We now have an undirected, unconnected graph with weighted nodes:

2   6   3   1   2   1
b ↔ a ↔ c ↔ e   d ↔ f
     ↖_____↗

It is now that you will want to remove cycles. Your example contains the subgraph

  e 1        I.  a6 → e1 → c3     ↗ e1
 / \    ==>                     a6     III.
a 6 |        II. a6 → c3 → e1     ↘ c3
 `- c 3

As you can see, there are three possibilites to eliminate this cycle while starting from a. The 3rd possibility is the easiest to implement.

If you want one of the other orders, you'll have to do more expensive reachability tests: For each two child nodes, skip (but not mark as seen) one of those child nodes if it is reachable by the other without using a path that uses the current node.

Next, we want to get the node with the highest weight. This is a simple sort.

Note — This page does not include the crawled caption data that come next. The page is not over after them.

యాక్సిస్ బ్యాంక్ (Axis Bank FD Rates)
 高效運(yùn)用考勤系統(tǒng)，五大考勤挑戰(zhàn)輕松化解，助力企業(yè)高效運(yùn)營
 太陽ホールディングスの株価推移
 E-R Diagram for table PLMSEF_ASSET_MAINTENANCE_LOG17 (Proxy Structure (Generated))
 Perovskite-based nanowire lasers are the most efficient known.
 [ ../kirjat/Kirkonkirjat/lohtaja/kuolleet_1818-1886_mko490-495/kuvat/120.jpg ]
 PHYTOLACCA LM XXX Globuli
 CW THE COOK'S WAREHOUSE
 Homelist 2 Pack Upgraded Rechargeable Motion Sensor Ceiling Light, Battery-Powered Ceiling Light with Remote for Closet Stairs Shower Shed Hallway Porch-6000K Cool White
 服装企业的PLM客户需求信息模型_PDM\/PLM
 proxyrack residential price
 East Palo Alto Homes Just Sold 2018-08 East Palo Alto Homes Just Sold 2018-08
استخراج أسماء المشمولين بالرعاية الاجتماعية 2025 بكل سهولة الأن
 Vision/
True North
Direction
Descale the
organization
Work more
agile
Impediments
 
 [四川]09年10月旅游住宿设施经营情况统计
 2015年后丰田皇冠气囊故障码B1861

var [..., highest] = dict.values.sortBy(n => n.weight);

Now, we traverse the whole graph starting from that node and build the DAG. We can either build a completely new graph (preferable) or remove the current node from the neighbour set. If this set then contains any nodes that were already visited during DAG buidling, a cycle was detected (which we break by skipping that node). Subgraphs that are not reachable will be forgotten, this would eliminate the d-e part. We can work around of this by deleting any nodes from the dictionary, and creating DAGs until the dict is empty. This would create a forest.

var forest = collect until dict.isEmpty {
  var [..., highest] = dict.values.sortBy(n => n.weight);

  def recurse(node: Node): DagNode {
    // remove current node from dict
    dict.delete(node.name);

    // remove seen childs – eliminates cycles
    var childs = node.neighbours.filter(c => dict.contains(c.name));
    // mark all new childs as seen
    for var child <- childs { dict.delete(child.name) }

    // return the DAG subgraph (here: tree) and recurse into each child
    return DagNode(weight: node.weight,
                   name:   node.name,
                   childs: childs.map(c => recurse(c)));
  }

  yield recurse(highest);
}

This should create the forest

  _a_    d
 / | \   |
b  c  e  f

Answer 3

There's a family of data mining algorithms called decision tree analysis or decision tree learning. The Wikipedia page explains how it is used to create a graph that represents a given data set. Once the algorithm creates the model, it can be used to predict missing characteristics of new data points.